Je défends pas les valorisations des GAFA, loin de là.
Mais elles ont apporté une révolution dans notre mode de vie, dont personnellement, je ne peux me passer.
Et elles créent des emplois sans voler personne (voir plus bas le lien http pour les vrais voleurs)
Aussi, les chiffres de Google donnent le vertige 137 milliards de CA, autant en trésorerie, et 34 de résultat.
Facebook c’est 55 milliards de CA, 44 de trésorerie et 21 de résultat.
Je ne paierai pas le PER de 20 en 2018, pour ces boites. Mais s’il y a des escrocs aux US (en dehors de la valorisation boursière) c’est pas elles.
Faut regarder par ici…
http://www.leparisien.fr/societe/les-tasses-a-cafe-a-1200-dollars-de-l-armee-de-l-air-americaine-font-scandale-25-10-2018-7927521.php
Rien que Linux, développé grâce à la collaboration via internet de milliers de développeurs partout dans le monde, et qui permet de faire tourner la plupart des serveurs (et des smartphones Android) du monde… Gratuitement.
Sans parler des économies et rapidité à s’envoyer des e-mails plutôt que courriers ou fax, de donner un ordre de virement immédiat, de commander à distance sans se déplacer, et j’en passe. Une gigantesque source d’économie !
Mais je parle plus d’informatique, techniques, outils, d’échange d’information, que d’information elle même.

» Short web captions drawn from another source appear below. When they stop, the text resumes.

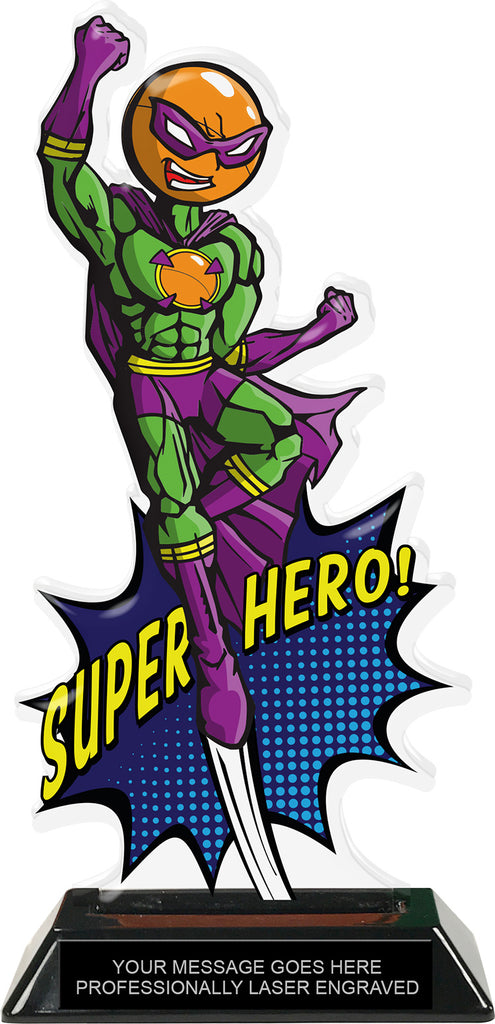 Pingpong Male Super Hero Acrylic Trophy- 10 inch [TACR10-SH-PNGPNGM-Q]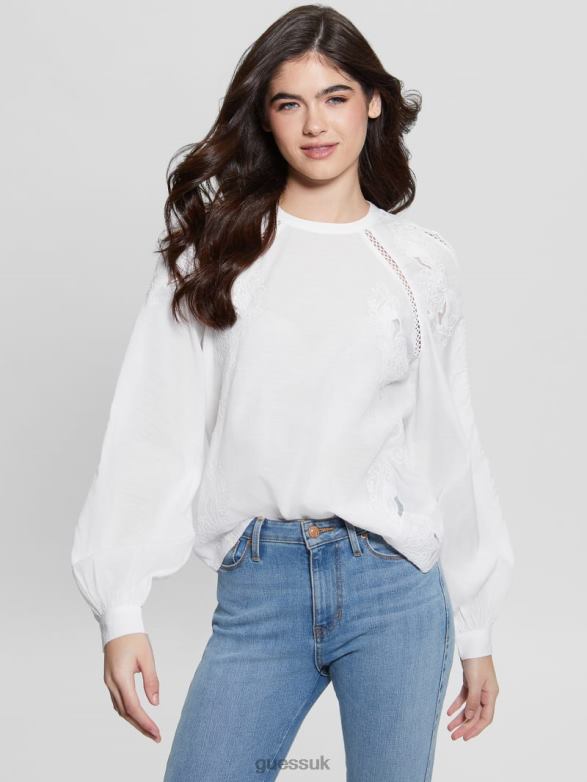 GUESS Women Iba Embroidered Top Pure White Apparel V28V61317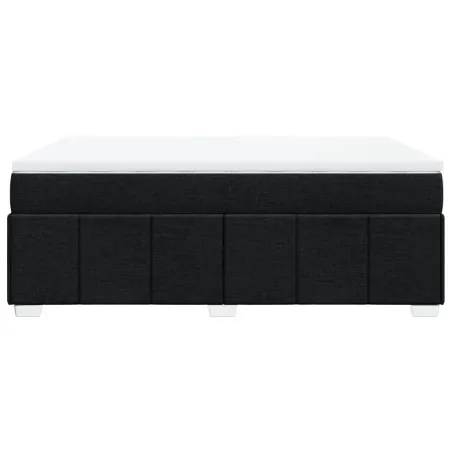 Sommier à lattes de lit avec matelas Noir 140x200 cm Tissu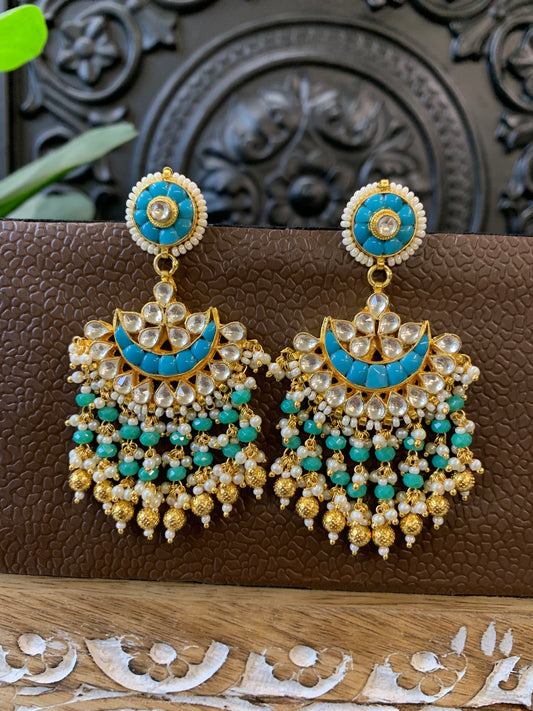 Leslie pachi Kundan chandbali earring small to medium size phirozi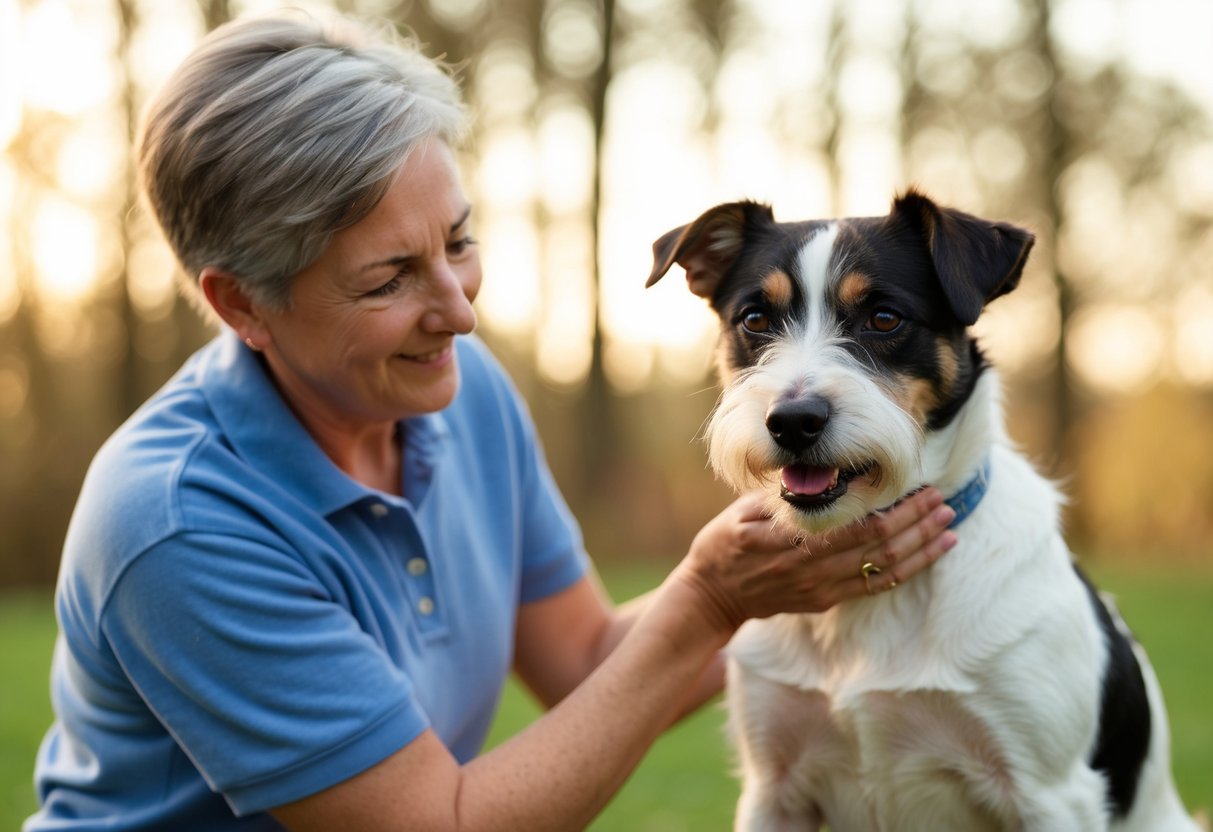 A Border Terrier receiving gentle care from its owner, showing no signs of aggression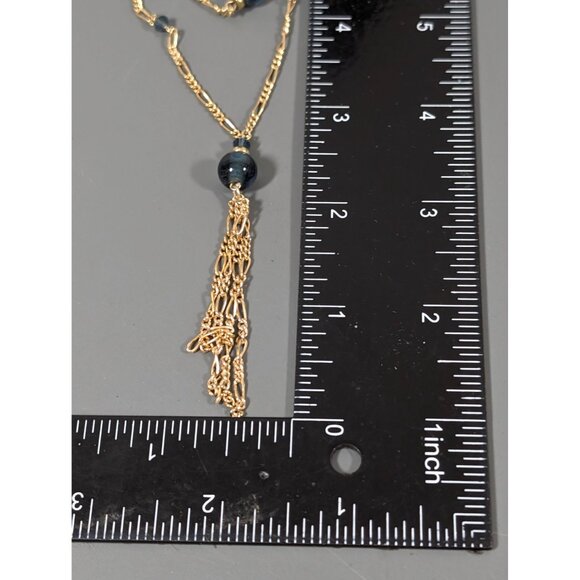 Retro Blue Glass Bead Gold Tone Figaro Multi Chain Tassel Layer Necklace 17" - Picture 7 of 7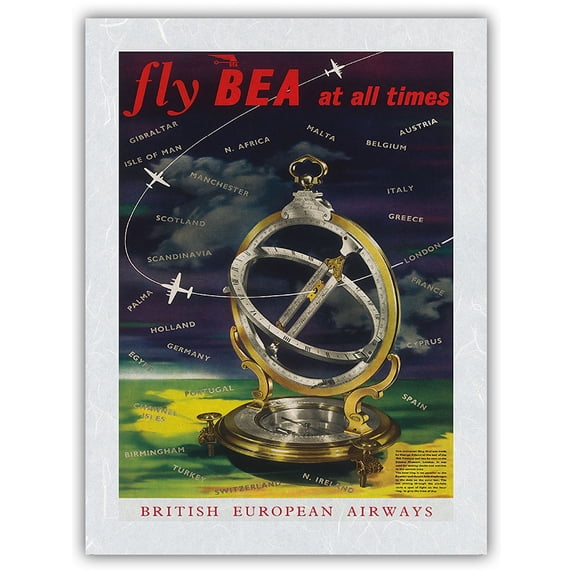 Fly BEA at All Times - Universal Ring Dial - British European Airways - Vintage Airline Travel Poster c.1965 - Japanese Unryu Rice Paper Art Print (Unframed) 12 x 16 in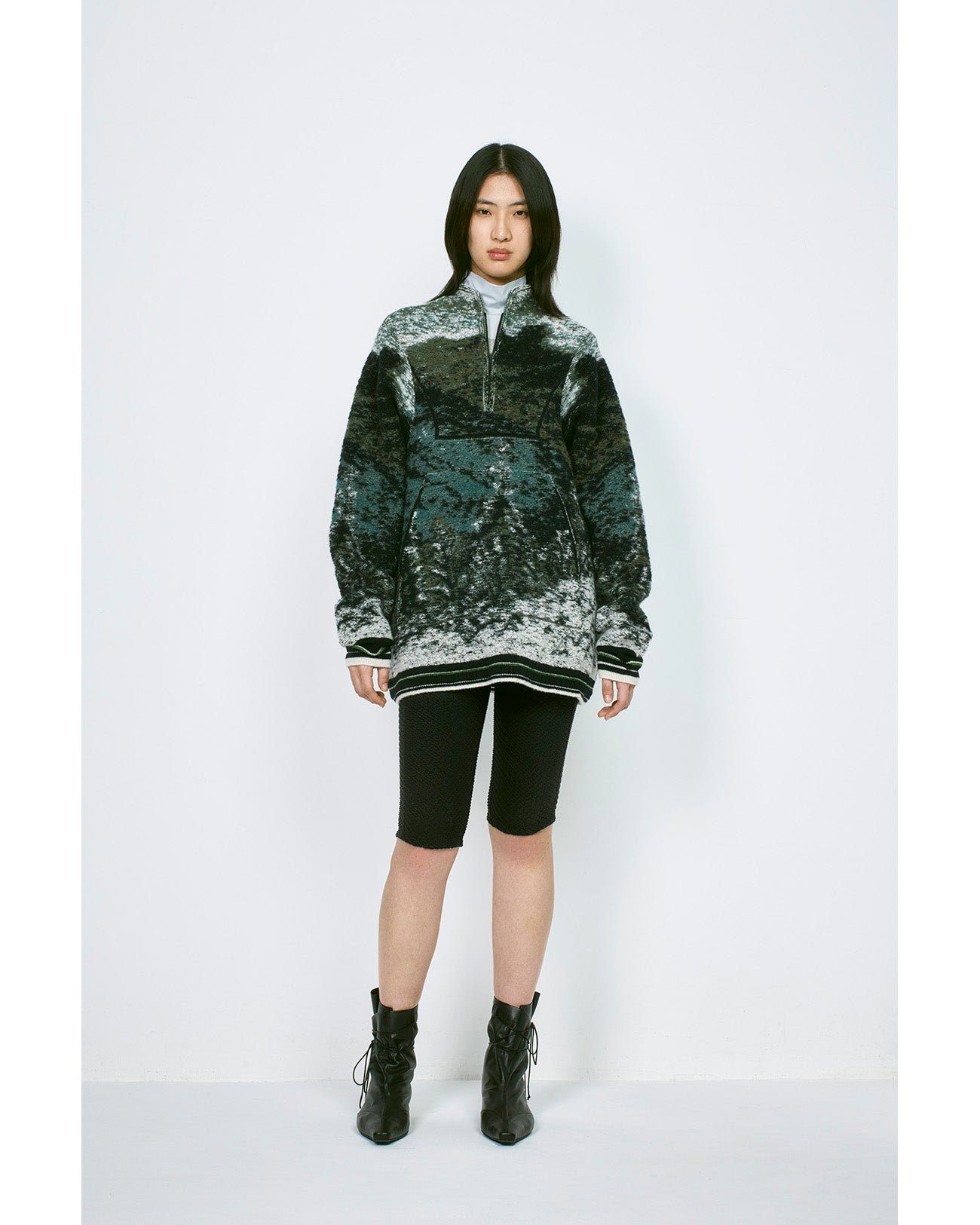 Shirring Jersey Jacquard Shorts - navy - Mame Kurogouchi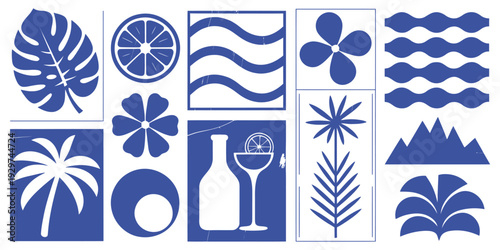 stylized blue and white tropical pattern, botanical and citrus elements, decorative vector illustration, seamless design for textiles and surface projects.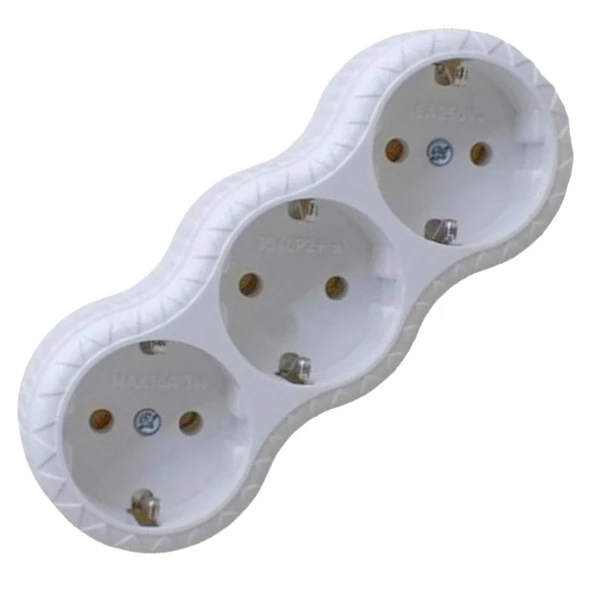 Golyat Topraklı 3 Lü Çoklu Grup Priz Çoğaltma Üçlü Fiş Piriz - 4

Pour que l’information, abondante, traitée intelligemment, permette de faire des économies et/ou des gains de productivité, économiser des coûts ou produire de la richesse, il faut y accéder, et ce n’est pas encore fait: la mise en place des outils de collecte et d’accès, de transformation et d’expiration, pour tous, n’est que récente : elle a été privée (Google, Facebook, mais aussi les états, banques, etc.) et mise en silos. Le mouvement ‘open data’ vient seulement de commencer, permettant à toute entreprise, petite ou grande, pauvre ‘wannabee’ startup ou multinationale richissime, d’enfin avoir de quoi exploiter intelligemment leurs outils: études de marchés pertinentes et exploitées en temps réel, sur mesure, comme des CRM permettant non pas de faire une promo identique pour tous, mais pertinente à chacun. Rares, très rares sont les entreprises à comprendre le potentiel que les données, l’information, en fait pas si abondante que ça encore (mais les outils, si), peut leur apporter et comment: les décideurs, patrons nés au siècle dernier, ont un temps plus long que ces progrès technologiques… C’est d’ailleurs pourquoi les patrons de start-up qui réussissent étonnement sont si jeunes, nés avec cette vision centrée sur les données. Tesla vs Toyota, Microsoft vs IBM, Google vs Microsoft, Facebook vs Google, SpaceX vs Arianespace, Salesforce vs SAP, Amazon vs Walmart, Netflix vs Canal+… Nous entrons, doucement, dans une ère du ‘soft’ vs ‘hard’, ou l’organisation d’une entreprise doit être souple, vivante, ouverte, » agile », collaborative non pas qu’avec ses collègues mais tous, partenaires mais surtout clients, et faire des produits ‘non finis’ mais en constante évolution, comme les autos Tesla dont on met à jour le système régulièrement enrichi par l’apprentissage des autres conducteurs ! Même les fusées, auparavant jetables, deviennent recyclées et évolutives…
Collecter l’information pertinente (et pas des posts Facebook…) depuis les IoT, leur usage réel par leur usagers, les clients, et l’analyser, l’exploiter, modifier le produit à distance, de manière personnalisée, et avec l’ajout du client lui-même collaborant à son ‘produit version n+1’, tout cela n’arrivera qu’avec l’arrivée enfin de quelques maillons encore manquants, la 5G, le changement de génération des directions, des clients eux-mêmes d’ailleurs, des habitudes de consommer et de payer (à l’usage et non l’achat, par abonnement et pas cash, partagé et pas perso…). Ça arrive ça arrive, à pas de géant… Et dans la nouvelle génération… De pays, l’Asie, pas chez nous, la vieille Europe voire USA, sur laquelle vous semblez trop vous focaliser.